Amazon Product Review Sentiment Analysis

Business Problem

Background:

Amazon, the world's largest online retailer, prides itself on customer-centricity. Customer reviews form the backbone of Amazon's product ecosystem, guiding millions of purchasing decisions daily and playing a pivotal role in vendor and product rankings. As the platform continues to scale, the sheer volume of reviews makes manual monitoring an insurmountable task.

Problem Statement:

While Amazon's current review system with star ratings gives a quantitative insight into product quality, it lacks the granularity needed to understand the nuanced opinions of its vast user base. Moreover, with millions of reviews generated daily, manual analysis becomes an insurmountable challenge.
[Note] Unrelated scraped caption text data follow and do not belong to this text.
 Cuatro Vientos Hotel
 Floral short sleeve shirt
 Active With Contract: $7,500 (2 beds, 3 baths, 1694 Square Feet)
The Limitations of Star Ratings:

Lack of Specificity: A customer might give a product 3 stars, but what does that mean? Are they somewhat satisfied, or did they encounter specific issues? Without the accompanying text, it's hard to say.
Varied Interpretations: One person's 5-star experience might be another person's 4-star experience. Relying solely on star ratings can be misleadig.
No Actionable Insights: Star ratings don't tell you what the problems are. If a product receives a 1-star rating, what should the seller improve? The packaging? The product quality? The shipping time? Without a textual review, it's all guesswork

Examples of Star Ratings:

Here we have 2 opposite reviews of the same product both with 3 stars
Example of 4 stars review with Negative Sentiment
We can even find 5 stars with Negative Sentiment:

Objective:

Develop an automated solution using machine learning and natural language processing techniques to:

Accurately identify negative reviews among the millions of reviews posted on Amazon daily.
Categorize the severity of the negative feedback to prioritize actions.
Extract actionable insights from negative reviews to provide to vendors, helping them improve product quality and customer experience.

Value Proposition:

By effectively identifying and addressing negative reviews, Amazon aims to:

Enhance customer trust by showing responsiveness to feedback.
Increase customer retention by resolving issues proactively.
Boost overall platform sales by improving product and vendor quality through actionable feedback.
Potentially save millions in revenue by preventing customer churn and fostering brand loyalty.

Measure of Success:

A successful solution will showcase a significant improvement in the Recall metric, ensuring that the vast majority of negative reviews are captured. The financial implications of improved customer retention and vendor product enhancement will serve as a testament to the initiative's success.

Data

Column Name	Description
sentiment	Integer identifying one of 2 sentiments: 1: Negative 2: Positive
title	Title of the review
text	Review text

Solution Strategy

The strategy employed was the CRISP method, a scientific method based on cycles:

The project cycles were divided into the following phases:

Problem Understanding
Data Description
Data Understanding
Text Processing
Data Preparation
Model Training
Model Evaluation
Model Deployment
Business Performance

Data Understanding

In this section I analized how our review texts were composed, like the size of the texts, most used words, ponctuation, etc.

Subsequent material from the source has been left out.